One of the hottest debates in generative artificial intelligence (AI) is open source versus closed source: which will prove more valuable?
On one side, a plethora of open-source large language models (LLMs) are constantly being produced by an ever-evolving constellation of contributors, led by the most prestigious open-source model to date, Meta’s Llama 2. Representing closed-source LLMs are the two most well-established commercial programs, OpenAI’s GPT-4 and the venture-backed startup Anthropic’s language model, which is known as Claude 2.
One way to test these programs against each other is to see how well they perform answering questions on a specific area, such as, for example, medical knowledge.
On that basis, Llama 2 is terrible at answering questions in the area of nephrology, the science of the kidneys, according to a recent study by scientists at Pepperdine University, University of California at Los Angeles, and UC Riverside, which was published this week in NEJM AI, a new journal published by the prestigious New England Journal of Medicine.
“In comparison with GPT-4 and Claude 2, the open-source models performed poorly in terms of total correct answers and the quality of their explanations,” write lead author Sean Wu of Pepperdine’s Keck Data Science Institute, and colleagues.
“GPT-4 performed exceptionally well and achieved human-like performance for the majority of topics,” they write, achieving a score of 73.3%, just below the 75% rating that is a passing grade for a human who has to answer multiple-choice nephrology questions.
“The majority of the open-source LLMs achieved an overall score that did not differ from what would be expected if the questions were answered randomly,” they write, with Llama 2 doing the best out of five open-source models, including Vicuña and Falcon. The Llama 2 program was just above the level of random guessing (23.8%) with a score of 30.6%.
The study was a test of what is known in AI as “zero-shot” tasks, where a language model is used with no modifications and no examples of right and wrong answers. Zero-shot is an approach that is supposed to test “in-context learning”, which is the ability of a language model to acquire new capabilities that were not in its training data.

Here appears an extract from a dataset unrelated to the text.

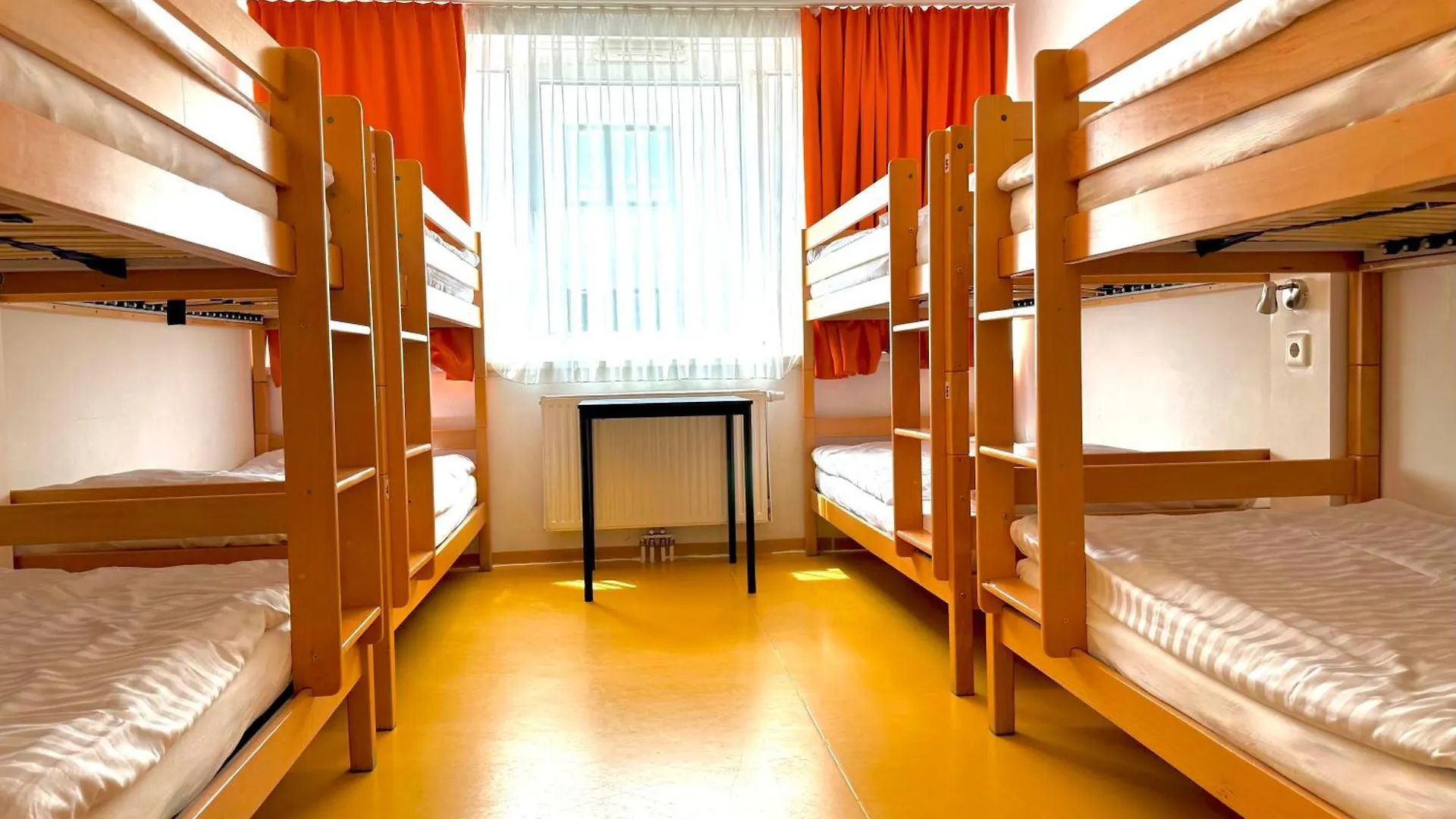 A&T Hotel & Hostel Viena 0*,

in the test, the models — Llama 2 and four other open-source programs, plus two commercial programs — were each fed 858 nephrology questions from NephSAP, the Nephrology Self-Assessment Program, a publication of the American Society of Nephrology used by physicians for self-study in the field.
The authors had to perform significant data preparation to convert the plain-text files of NephSAP into prompts that could be fed into the language models. Every prompt contained the question in natural language and the multiple-choice answers. (The data set is posted for others to use on HuggingFace.)
And because GPT-4 and Llama 2 and the others produce lengthy text output as their answers in many cases, the authors also had to develop automatic techniques to parse the answers from each model for every question, and then compare the model’s answers to the correct answers to automatically score the results.
There are lots of potential reasons why open-source models do poorly versus GPT-4, but the authors suspect an important reason is because Anthropic and OpenAI have baked-in proprietary medical data as part of the training of their programs.
“GPT-4 and Claude 2 were trained not only on publicly available data but also on third-party data,” they write.
“High-quality data for training LLMs in the medical field often reside in nonpublic materials that have been curated and peer reviewed, such as textbooks, published articles, and curated datasets,” note Wu and team. “Without negating the importance of the computational power of specific LLMs, the ability to access medical training data material that is currently not in the public domain will likely remain a key factor that determines whether performance of specific LLMs will improve in the future.”
Clearly, with GPT-4 scoring two points below a human passing grade, there is vast room for improvement for all language models, not just open source.
Happily for the open-source crowd, efforts are underway that could help even the odds in terms of training data.
One of these efforts is the broad movement to what’s called federated training, where language models are trained locally on private data, but then contribute the results of that training to an aggregate effort in the public cloud.
That approach can be a way to bridge the divide between confidential data sources in medicine and the collective push to make open-source foundation models stronger. One prominent endeavor in that area is the MedPerf effort of the ML Commons industry consortium, which began last year.
It’s also possible that some commercial models will be distilled into open-source programs that will inherit specific medical competencies from the parent. For example, Google DeepMind’s MedPaLM is an LLM that is tuned to answer questions from a variety of medical datasets, including a brand-new one invented by Google that represents questions consumers ask about health on the internet.
Even without training a program on medical knowledge, the output can be improved with “retrieval-augmented generation”, which is an approach where LLMs seek outside input as they’re forming their outputs to amplify what the neural network can do on its own.
Regardless of which approach wins, the open nature of Llama 2 and the other models affords the opportunity for many parties to make the programs better, unlike commercial programs such as GPT-4 and Claude 2, whose operations are at the sole discretion of their corporate owners.